For every query, two tables are created — a URL table and a link table. A separate query table tracks all the queries submitted by the smart spider. The URL table for a query contains the following columns — url, status, site, relevancy, level, and spider. For each URL, we have the associated parameters:

  • Status, which indicates if a URL has been processed, is not processed, or is being processed.
  • Site, the web site of the URL; useful for grouping URLs by site.

  • Relevancy, a real number between 0 and 1 indicating the degree of relevancy to the query. The value of this column can be set based on user-determined criteria.

  • Level, the number of links from the initial set when a particular URL is first encountered. URLs in the initial set are at level 0 — those that can be accessed in one hop from the initial set are at level 1, and so on. The value does not necessarily indicate the length of the shortest path from the initial set because the same URL may be accessible through a shorter path. In our source, we have not tracked duplicates or changed the level number as necessary.

  • Spider, the number of the spider that processed a particular URL. This information is useful to track load distribution in a parallel implementation. The link table contains two columns, a URL, and a link.

Following the collection of an initial set of URLs, the URL table has a number of unprocessed URLs available for individual spiders. Each spider enters a loop and exits when the termination criteria have been met; in our case, when the required URLs have been processed or when there are no more URLs to process. For each URL:

  • Individual spiders verify that the text contains the query keywords as defined in the Boolean query: A recursive match function checks for keyword matches and handles Boolean AND and OR operators. Multiple keywords entered without Boolean operators are assumed to have a default AND operator.
  • A constant value of 0.2 is assigned for relevancy if the URL text matches the query keywords.

  • Higher relevance can be set for documents that have keywords between header, title, or metatags.

  • For queries with multiple keywords, relevancy can be inversely proportional to the word distance between keywords in URL text.

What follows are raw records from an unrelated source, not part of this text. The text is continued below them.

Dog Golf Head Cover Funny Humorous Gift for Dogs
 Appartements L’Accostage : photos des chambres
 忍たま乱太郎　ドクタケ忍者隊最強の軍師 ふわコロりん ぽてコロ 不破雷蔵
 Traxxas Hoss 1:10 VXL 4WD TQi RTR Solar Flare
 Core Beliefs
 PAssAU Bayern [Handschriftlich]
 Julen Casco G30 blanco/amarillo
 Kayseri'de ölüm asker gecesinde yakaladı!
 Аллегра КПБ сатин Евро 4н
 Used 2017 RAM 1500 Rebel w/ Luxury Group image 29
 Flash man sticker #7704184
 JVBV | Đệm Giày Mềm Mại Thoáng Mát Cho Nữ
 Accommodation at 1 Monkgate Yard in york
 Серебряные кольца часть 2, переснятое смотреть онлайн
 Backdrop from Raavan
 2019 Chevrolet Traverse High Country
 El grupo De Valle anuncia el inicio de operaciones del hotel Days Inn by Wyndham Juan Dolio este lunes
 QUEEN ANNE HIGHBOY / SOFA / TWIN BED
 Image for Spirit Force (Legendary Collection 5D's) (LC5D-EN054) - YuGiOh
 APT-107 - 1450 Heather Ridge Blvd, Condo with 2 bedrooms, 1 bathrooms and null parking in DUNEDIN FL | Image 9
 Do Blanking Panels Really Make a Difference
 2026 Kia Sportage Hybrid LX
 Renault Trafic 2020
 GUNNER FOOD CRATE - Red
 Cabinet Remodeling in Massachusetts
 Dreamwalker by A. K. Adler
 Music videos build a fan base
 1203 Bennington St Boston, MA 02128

  • Other user criteria such as the length of the text or URL site can be used to compute relevancy. Customization of relevancy allows for user-driven preferences when ranking URLs.

After assigning the relevancy of a URL, all out links are extracted. These links include links to external and internal sites. The following links are not traversed:

  • Links to advertisements, images, and other formatted documents.
  • Links to pages in the same site, with the exception of links that contain any of the query keywords in the URL or the anchor text (description of the link in the page).

  • Links from high-volume sites (by setting a limit on the number of URLs from any particular site).

Entries are made in the URL and links tables for URLs that will be traversed. After the smart spider has terminated, a list of URLs can be printed in descending order of relevancy. The hubs and authorities can be extracted from the links table. This information is often sufficient to find key sources for a topic on the Web. A reasonable number of URLs should be collected to find the hubs and authorities. The web tree for each topic is unique and it is not possible to set a fixed URL limit for all queries.

Results

We evaluated the smart spider by running a few broad queries. We submitted a "censorship" query to Google, which returned about 530,000 hits. The top 100 URLs from Google were used as the initial set of URLs for the smart spider. A page was considered relevant if at least two of four words — censorship, ban, speech, or censor occurred in the text. The expansion through the smart spider was limited to three levels from the initial set of URLs.

About 10,000 URLs for the query were collected. The list of URLs was evaluated based on the number of in links and the number of out links. The list of sites with the highest volume of pages was also identified. In the initial collection of 100 pages from Google, pages from sites such as http://www.epic.org/, http://www.aclu.org/, http://www.cato.org/, http://www.ala.org/, http://www.eff.org/, http://www.efa.org.au/, and http://www.cyber-rights.org/ were identified. These sites were not ranked in any order. With the smart spider, we were able to rank these sites based on the number of pages and locate additional sites such as http://www.cpsr.org/, http://www.cdt.org/, http://civilliberty.about.com/, http://www.hazlitt.org/, http://techlawjournal.com/, http://www.efc.ca/, and http://www.newshare.com/.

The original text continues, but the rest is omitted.